TASK PROMPT =
All of the data below is to be repeated exactly, except for the pictures.

RECORDS FOR THIS EXERCISE =
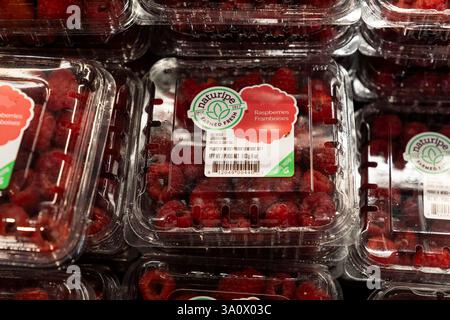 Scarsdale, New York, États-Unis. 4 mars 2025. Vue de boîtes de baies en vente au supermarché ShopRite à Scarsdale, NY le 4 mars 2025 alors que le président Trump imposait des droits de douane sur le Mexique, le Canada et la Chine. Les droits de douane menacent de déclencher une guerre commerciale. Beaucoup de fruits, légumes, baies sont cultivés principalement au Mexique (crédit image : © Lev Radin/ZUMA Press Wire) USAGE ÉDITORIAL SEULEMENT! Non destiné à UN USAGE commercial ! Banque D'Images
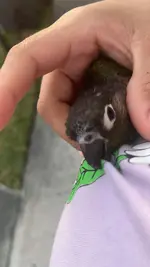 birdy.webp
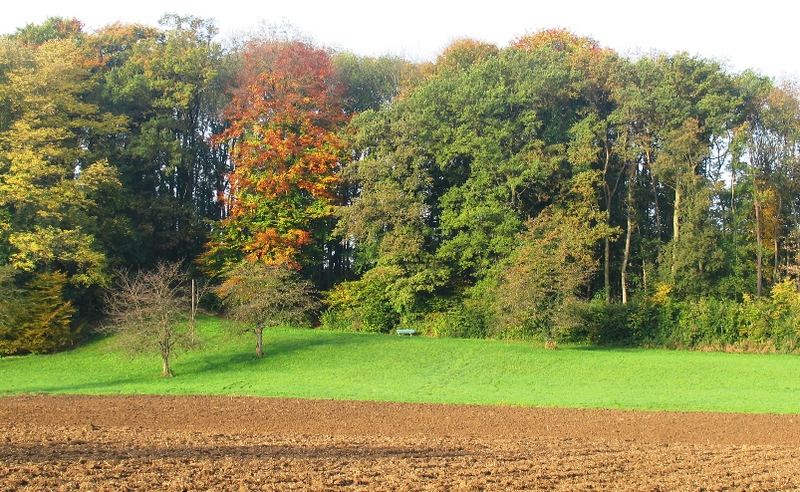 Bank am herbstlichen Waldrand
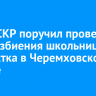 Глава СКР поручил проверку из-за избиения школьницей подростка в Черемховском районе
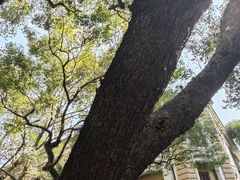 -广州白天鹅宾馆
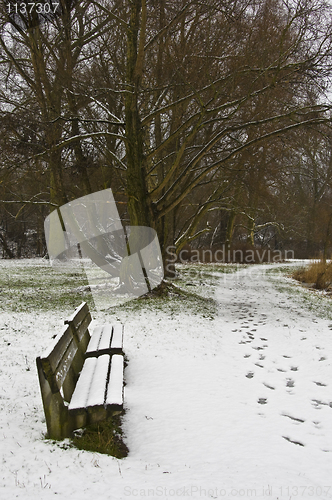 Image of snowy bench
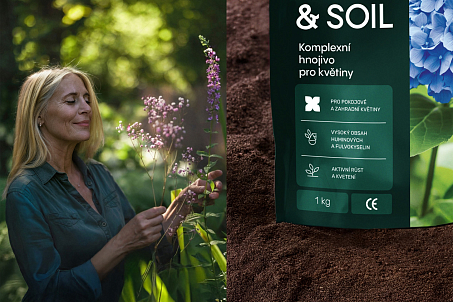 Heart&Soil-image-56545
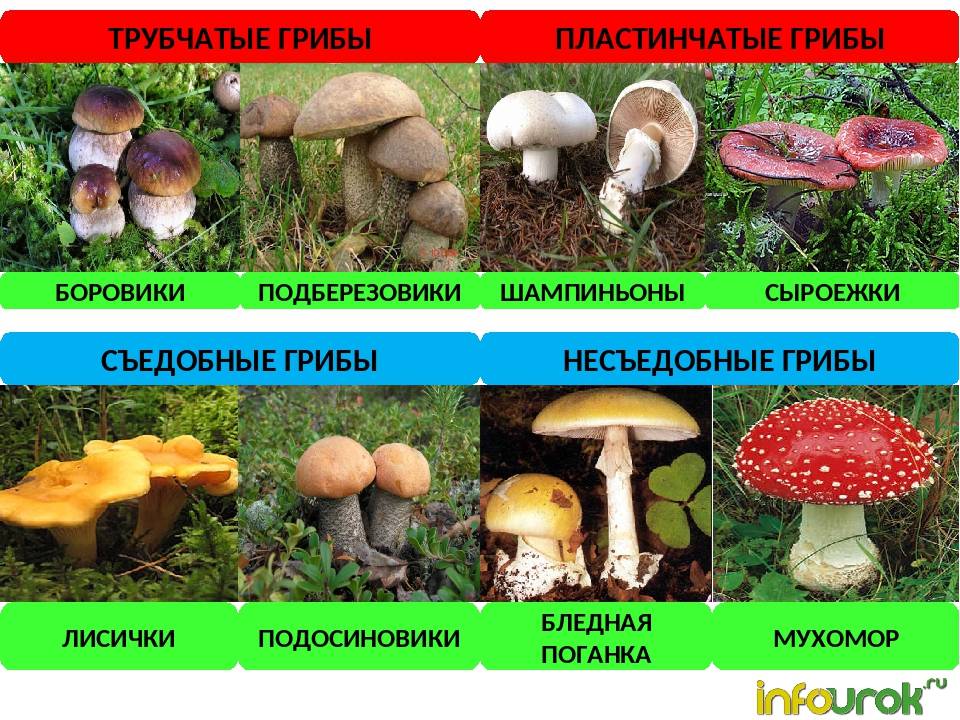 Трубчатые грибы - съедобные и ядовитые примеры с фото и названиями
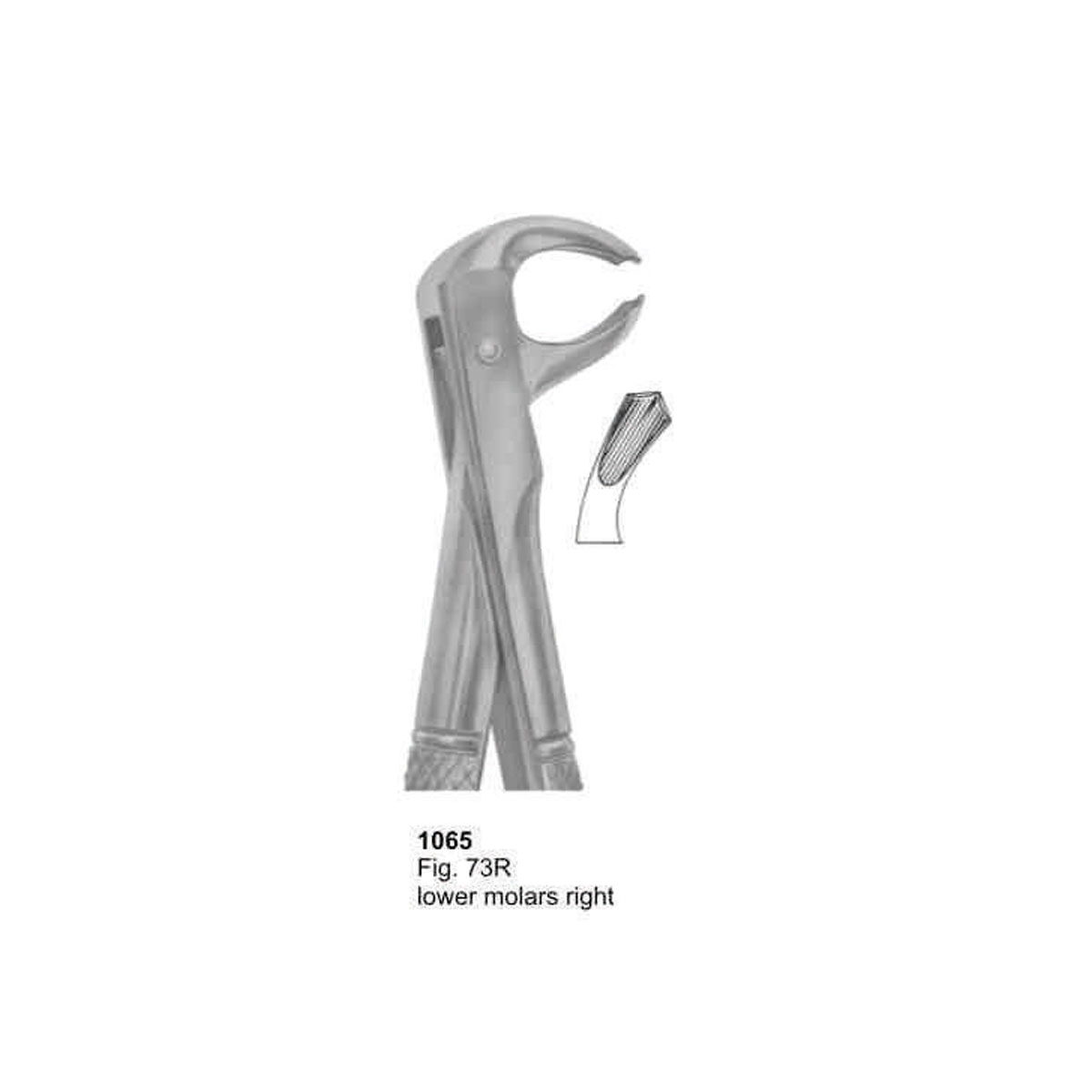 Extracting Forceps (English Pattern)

WRITTEN REPLY =
 Scarsdale, New York, États-Unis. 4 mars 2025. Vue de boîtes de baies en vente au supermarché ShopRite à Scarsdale, NY le 4 mars 2025 alors que le président Trump imposait des droits de douane sur le Mexique, le Canada et la Chine. Les droits de douane menacent de déclencher une guerre commerciale. Beaucoup de fruits, légumes, baies sont cultivés principalement au Mexique (crédit image : © Lev Radin/ZUMA Press Wire) USAGE ÉDITORIAL SEULEMENT! Non destiné à UN USAGE commercial ! Banque D'Images
 birdy.webp
 Bank am herbstlichen Waldrand
 Глава СКР поручил проверку из-за избиения школьницей подростка в Черемховском районе
 -广州白天鹅宾馆
 Image of snowy bench
 Heart&Soil-image-56545
 Трубчатые грибы - съедобные и ядовитые примеры с фото и названиями
 Extracting Forceps (English Pattern)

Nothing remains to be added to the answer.